O demônio divertiu-se com as palavras ditas.

- Você sabe muito bem quem sou eu, anjinho. Sabe que já fui considerada várias coisas durante milênios mundo afora. Deusa, demônio... Escolha o que preferir. - lançou mais um de seus sorrisos cínicos, fazendo com que os pensamentos de Andy, pela primeira vez, começassem a desejar atos carnais. Poderia-se dizer que Andy já estava entregue aos encantos do demônio, mesmo com apenas algumas palavras trocadas.

- Sei bem o que quer, anjinho. Posso ajudar você, caso queira entregar-se à mim de uma forma que sei que não irá se arrepender.

O que Andy estava pensando? Entregar-se à Lilith, considerada um dia a deusa do sexo por tantas mitologias antigas. Citada até mesmo em textos históricos em relação à bíblia.
Andy sabia muito bem a história que a cercava. Sabia que ela se juntara aos anjos caídos, seus antigos irmãos que agora dominam com Lúcifer o temido submundo.

- De acordo, anjinho? - perguntou sibilando, exatamente como uma cobra.

- De acordo.

***
O que para os humanos teria passado-se 2 meses, para Andy parecia haver passado quase uma eternidade. O ano na Terra era 1837. A época do ano era a exata para ir em festas e perder-se em meio à vários copos de bebidas revirados. Lilith mostrou à Andy o mundo que ele sabia que existia, porém essa visão sempre foi totalmente privada de seus olhos.

Andy se perdera.
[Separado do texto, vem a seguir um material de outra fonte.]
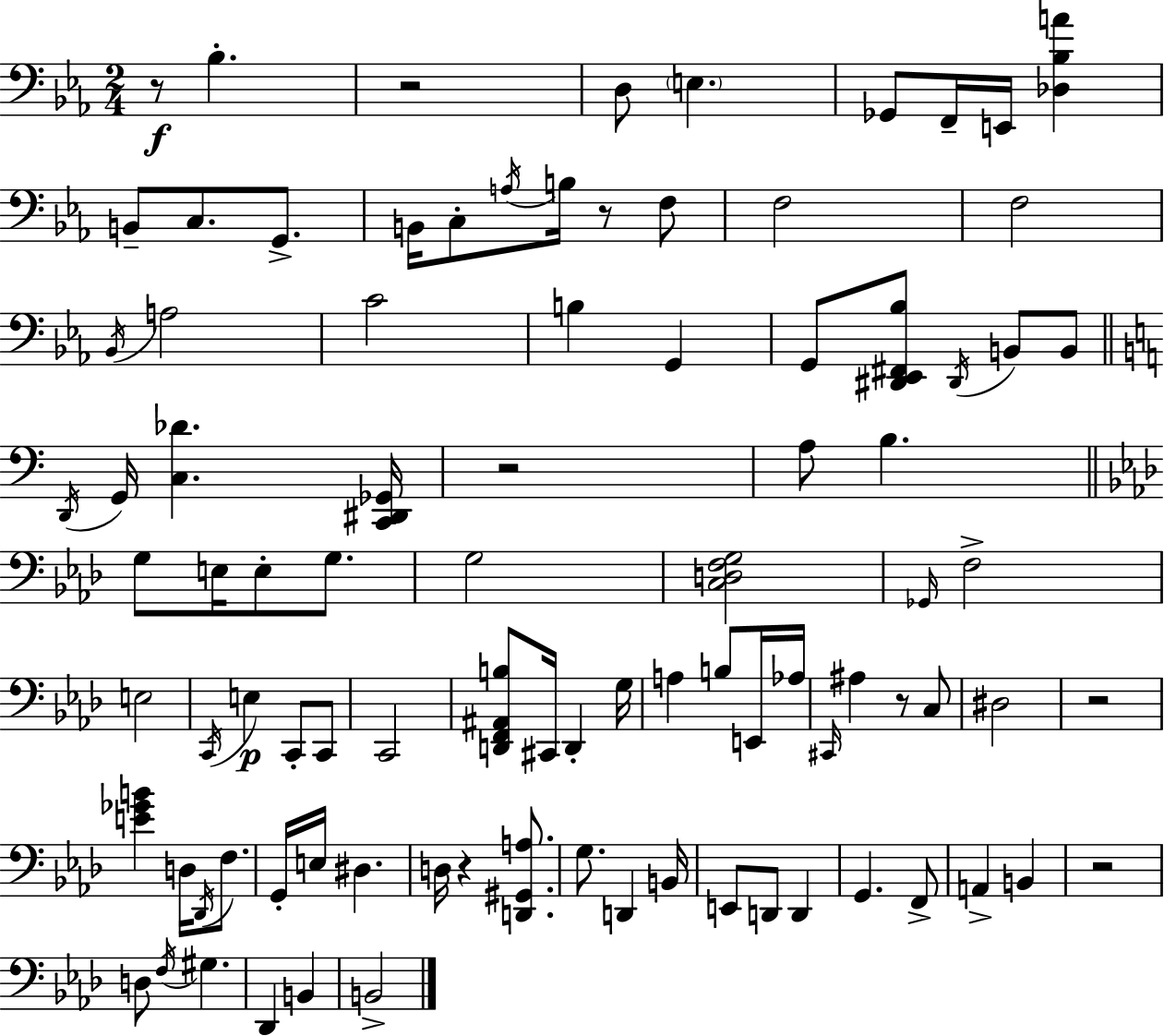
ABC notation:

X:1
T:Untitled
M:2/4
L:1/4
K:Cm
z/2 _B, z2 D,/2 E, _G,,/2 F,,/4 E,,/4 [_D,_B,A] B,,/2 C,/2 G,,/2 B,,/4 C,/2 A,/4 B,/4 z/2 F,/2 F,2 F,2 _B,,/4 A,2 C2 B, G,, G,,/2 [^D,,_E,,^F,,_B,]/2 ^D,,/4 B,,/2 B,,/2 D,,/4 G,,/4 [C,_D] [C,,^D,,_G,,]/4 z2 A,/2 B, G,/2 E,/4 E,/2 G,/2 G,2 [C,D,F,G,]2 _G,,/4 F,2 E,2 C,,/4 E, C,,/2 C,,/2 C,,2 [D,,F,,^A,,B,]/2 ^C,,/4 D,, G,/4 A, B,/2 E,,/4 _A,/4 ^C,,/4 ^A, z/2 C,/2 ^D,2 z2 [E_GB] D,/4 _D,,/4 F,/2 G,,/4 E,/4 ^D, D,/4 z [D,,^G,,A,]/2 G,/2 D,, B,,/4 E,,/2 D,,/2 D,, G,, F,,/2 A,, B,, z2 D,/2 F,/4 ^G, _D,, B,, B,,2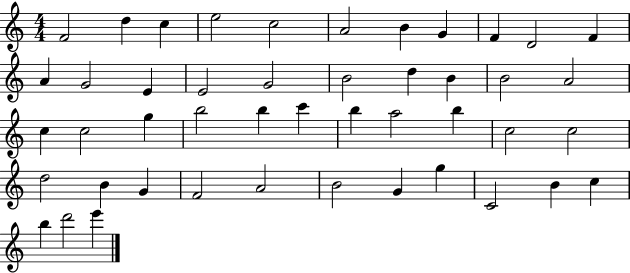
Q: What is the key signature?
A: C major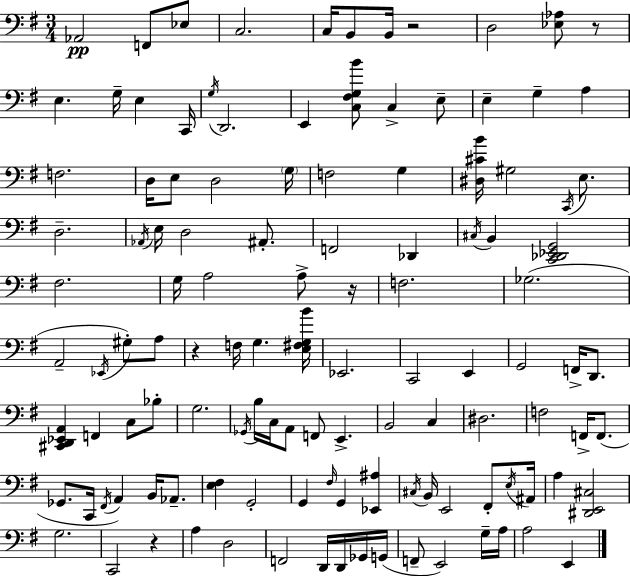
Ab2/h F2/e Eb3/e C3/h. C3/s B2/e B2/s R/h D3/h [Eb3,Ab3]/e R/e E3/q. G3/s E3/q C2/s G3/s D2/h. E2/q [C3,F#3,G3,B4]/e C3/q E3/e E3/q G3/q A3/q F3/h. D3/s E3/e D3/h G3/s F3/h G3/q [D#3,C#4,B4]/s G#3/h C2/s E3/e. D3/h. Ab2/s E3/s D3/h A#2/e. F2/h Db2/q C#3/s B2/q [C2,Db2,Eb2,G2]/h F#3/h. G3/s A3/h A3/e R/s F3/h. Gb3/h. A2/h Eb2/s G#3/e A3/e R/q F3/s G3/q. [E3,F#3,G3,B4]/s Eb2/h. C2/h E2/q G2/h F2/s D2/e. [C#2,D2,Eb2,A2]/q F2/q C3/e Bb3/e G3/h. Gb2/s B3/s C3/s A2/e F2/e E2/q. B2/h C3/q D#3/h. F3/h F2/s F2/e. Gb2/e. C2/s F#2/s A2/q B2/s Ab2/e. [E3,F#3]/q G2/h G2/q F#3/s G2/q [Eb2,A#3]/q C#3/s B2/s E2/h F#2/e E3/s A#2/s A3/q [D#2,E2,C#3]/h G3/h. C2/h R/q A3/q D3/h F2/h D2/s D2/s Gb2/s G2/s F2/e E2/h G3/s A3/s A3/h E2/q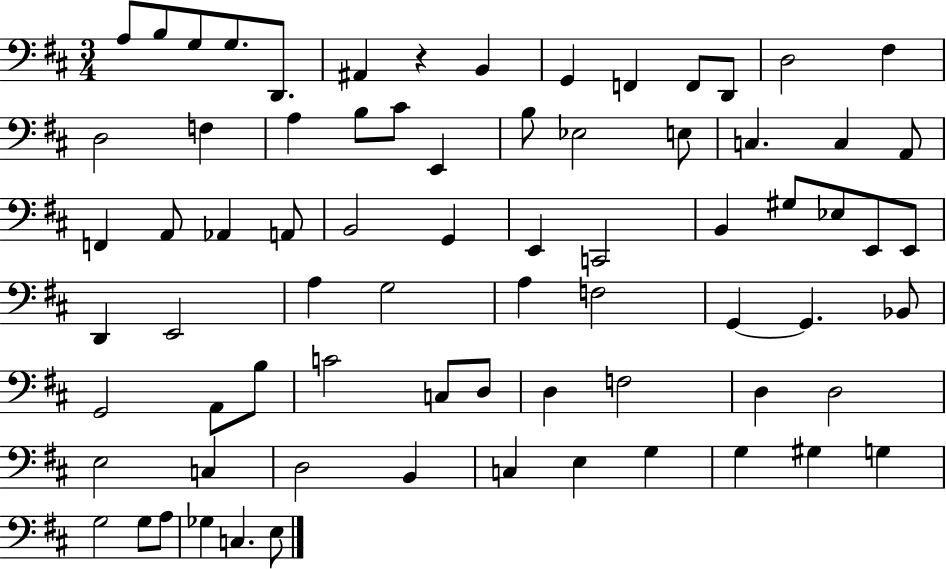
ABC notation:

X:1
T:Untitled
M:3/4
L:1/4
K:D
A,/2 B,/2 G,/2 G,/2 D,,/2 ^A,, z B,, G,, F,, F,,/2 D,,/2 D,2 ^F, D,2 F, A, B,/2 ^C/2 E,, B,/2 _E,2 E,/2 C, C, A,,/2 F,, A,,/2 _A,, A,,/2 B,,2 G,, E,, C,,2 B,, ^G,/2 _E,/2 E,,/2 E,,/2 D,, E,,2 A, G,2 A, F,2 G,, G,, _B,,/2 G,,2 A,,/2 B,/2 C2 C,/2 D,/2 D, F,2 D, D,2 E,2 C, D,2 B,, C, E, G, G, ^G, G, G,2 G,/2 A,/2 _G, C, E,/2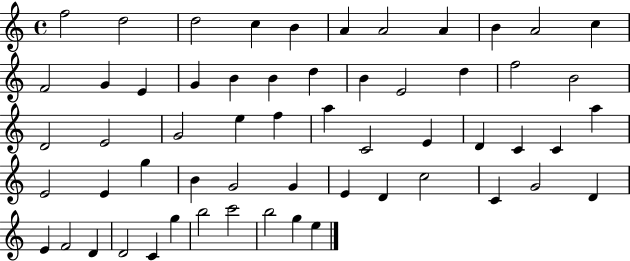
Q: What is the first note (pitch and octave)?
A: F5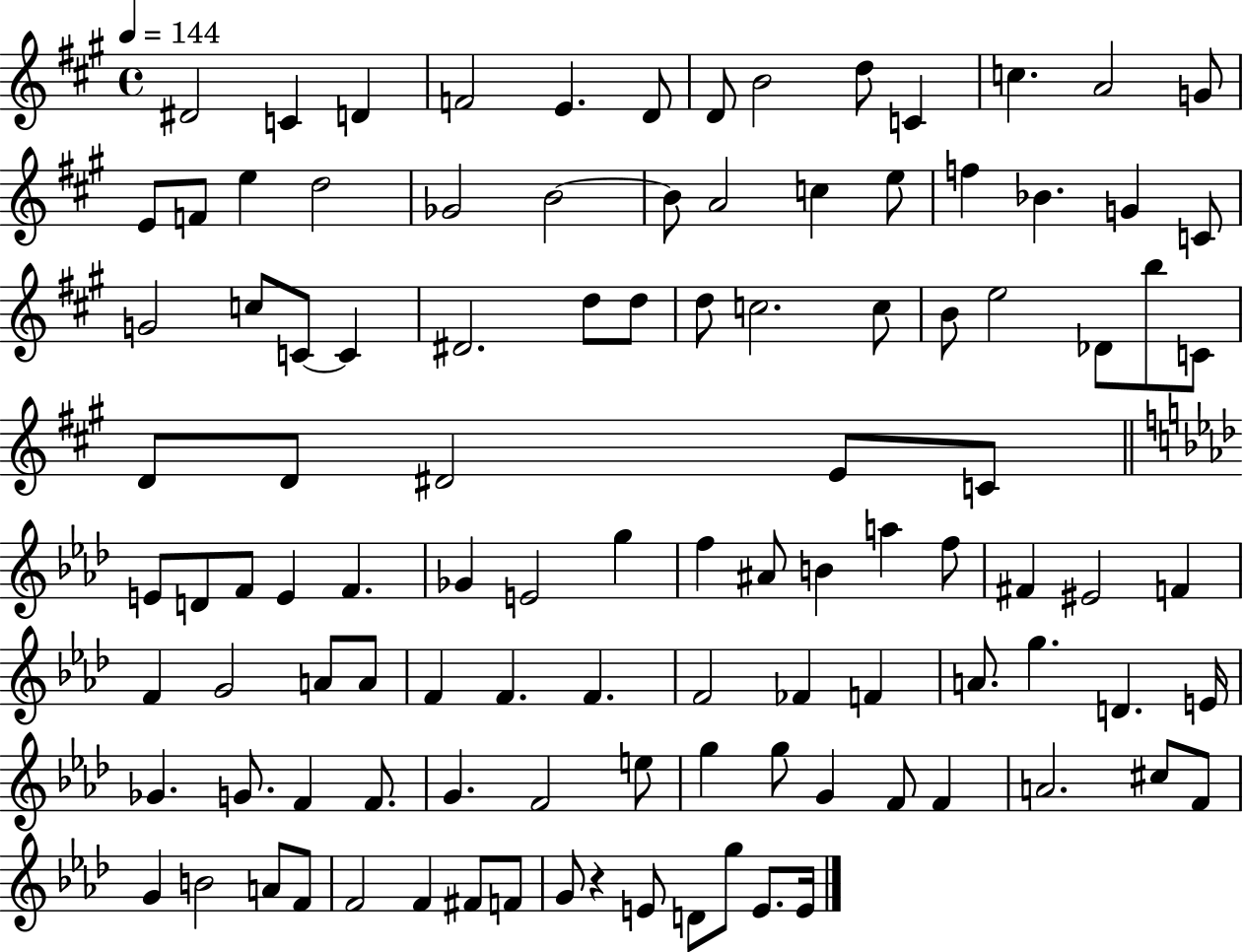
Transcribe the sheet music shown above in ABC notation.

X:1
T:Untitled
M:4/4
L:1/4
K:A
^D2 C D F2 E D/2 D/2 B2 d/2 C c A2 G/2 E/2 F/2 e d2 _G2 B2 B/2 A2 c e/2 f _B G C/2 G2 c/2 C/2 C ^D2 d/2 d/2 d/2 c2 c/2 B/2 e2 _D/2 b/2 C/2 D/2 D/2 ^D2 E/2 C/2 E/2 D/2 F/2 E F _G E2 g f ^A/2 B a f/2 ^F ^E2 F F G2 A/2 A/2 F F F F2 _F F A/2 g D E/4 _G G/2 F F/2 G F2 e/2 g g/2 G F/2 F A2 ^c/2 F/2 G B2 A/2 F/2 F2 F ^F/2 F/2 G/2 z E/2 D/2 g/2 E/2 E/4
Dormia e acordava com inúmeras mulheres, as quais o mesmo nem ao menos lembrava os nomes e que em menos de horas, esquecia-se inclusive seus rostos.

Do outro lado da cidade de Castle Combe - ou melhor, um pacato vilarejo no interior da Inglaterra - uma garota passava as férias na mansão de sua tia, com sua única prima para lhe fazer companhia. Na varanda da janela onde passava noites em claro, sonhava acordada imaginando o dia em que saíria finalmente de perto dos pais e conheceria o mundo exatamente como ele é. Crescer e casar-se não estava em seus planos, e talvez nunca esteve.

A moça, de apenas 17 anos, foi prometida à casamento. Nada podia fazer e o conformismo perante à essa situação lhe sufocava.

- Katherine, seu noivo chegou. - disse sua prima Maria, anunciando a péssima notícia.

Katherine suspirou, desejando que alguém a tirasse daquela situação em que seus pais obrigavam-na a permanecer.
***
Uma festa. Um baile para comemorar o noivado de Katherine com seu noivo rico e jovem. O noivo porém, não compareceu à festa. Todos os convidados estavam bêbados e sorridentes demais para importarem-se com esse pequeno detalhe. A única mente inquieta daquela festa além de Katherine - que desejava voltar ao próprio quarto e permanecer no cômodo até o fim do baile - era a de Andy, que após vários dias, resolveu ir em busca de Katherine, a humana a qual havia apaixonado-se. Encontrou-a sozinha no salão, enquanto sorria para os convidados de forma calorosa.

Andy não fazia idéia que a festa comemorava o noivado de Katherine e sem hesitar, aproximou-se dela.
Naquela mesma noite, os lábios dele encontraram-se com os dela pela primeira vez. E a partir daquele momento, o destino de ambos fora traçado não apenas por suas escolhas, mas também pelo amado irmão de Andy.